What to work on ::
Nothing but the lines from the one containing "Mint Green Wedding" through the last line of the data below should be returned, each exactly as it stands, pictures excluded.

Records from a data collection:
▬▬▬▬▬▬▬▬▬▬

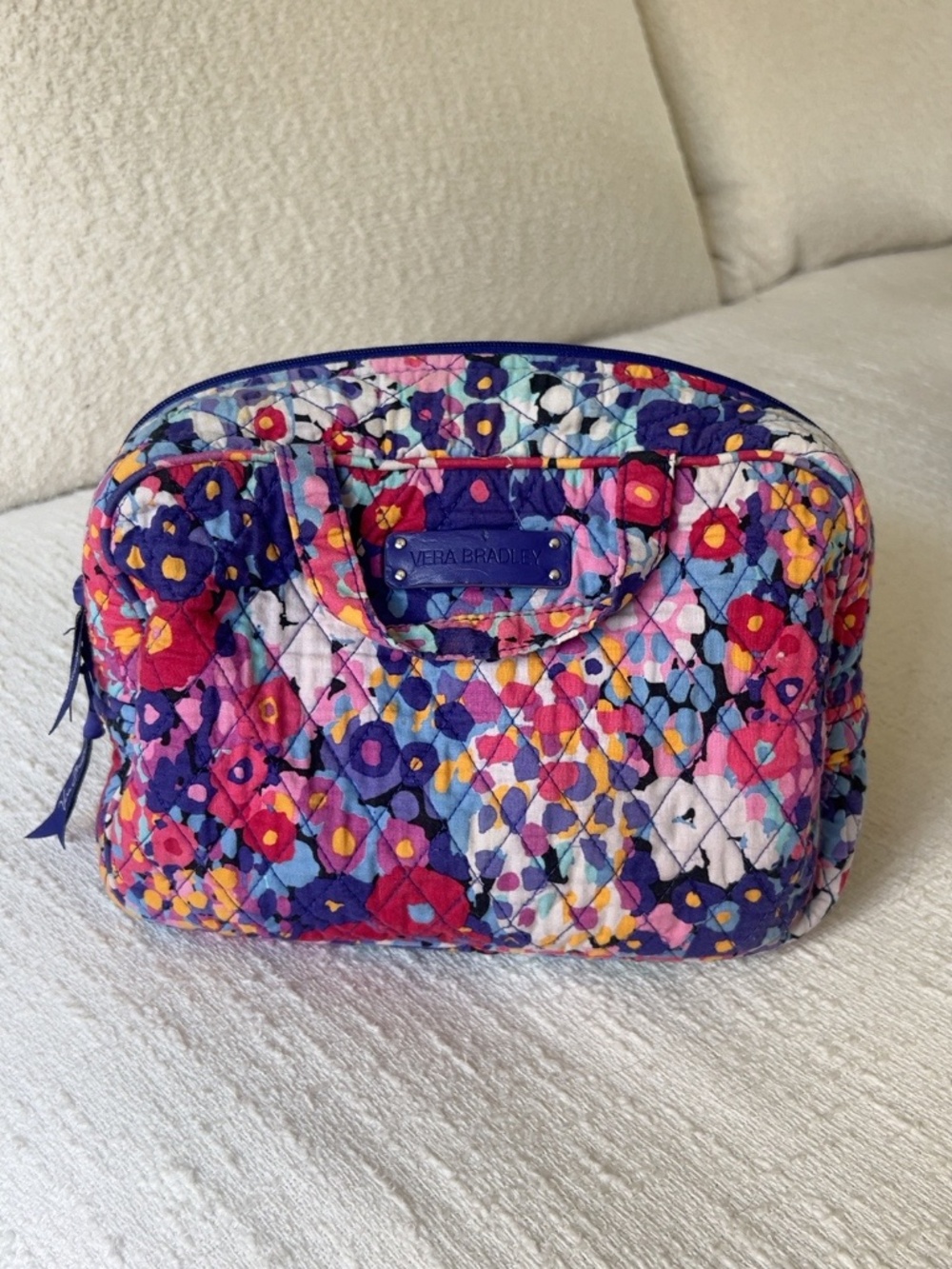 Vera Bradley Multicolor Floral Large Travel Cosmetic Makeup Bag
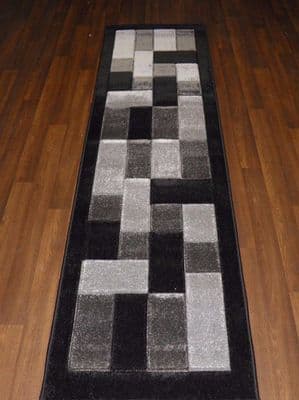 Modern Runners 60x220cm Aprox 8ft Hand Carved Super Quality Blocks Black/Greys
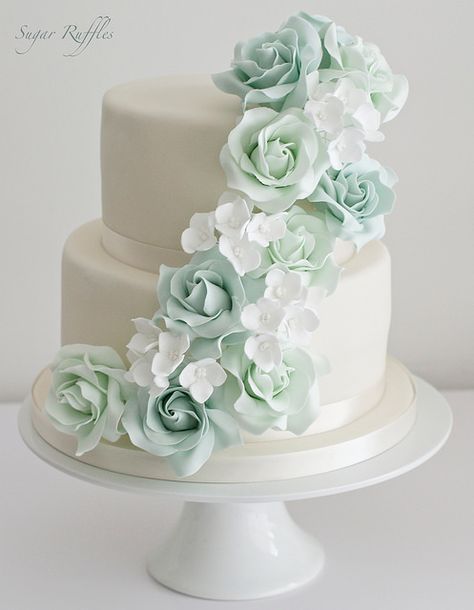 Mint Green Wedding Cake, Seafoam Green Wedding, Cascade Wedding Cake, Mint Green Cakes, Mint Wedding Cake, Wedding Cupcake Tower, Roses Wedding Cake, Cupcake Tower Wedding, Barrow In Furness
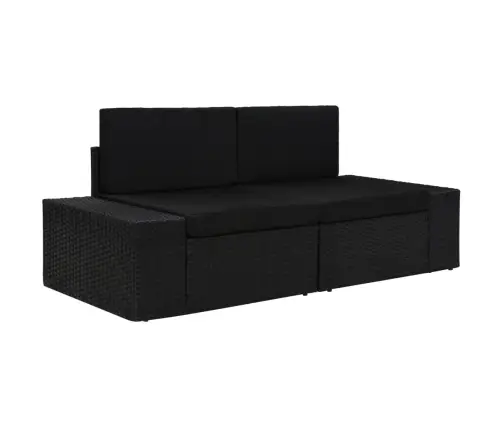 Moduļu Dīvāns, Divvietīgs, Melna Pe Rotangpalma Vidaxl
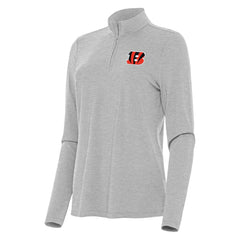 Cincinnati Bengals Antigua Women's Bright Quarter-Zip Sweatshirt Heather Gray | NFL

▬▬▬▬▬▬▬▬▬▬

Problem solution ::
 Mint Green Wedding Cake, Seafoam Green Wedding, Cascade Wedding Cake, Mint Green Cakes, Mint Wedding Cake, Wedding Cupcake Tower, Roses Wedding Cake, Cupcake Tower Wedding, Barrow In Furness
 Moduļu Dīvāns, Divvietīgs, Melna Pe Rotangpalma Vidaxl
 Cincinnati Bengals Antigua Women's Bright Quarter-Zip Sweatshirt Heather Gray | NFL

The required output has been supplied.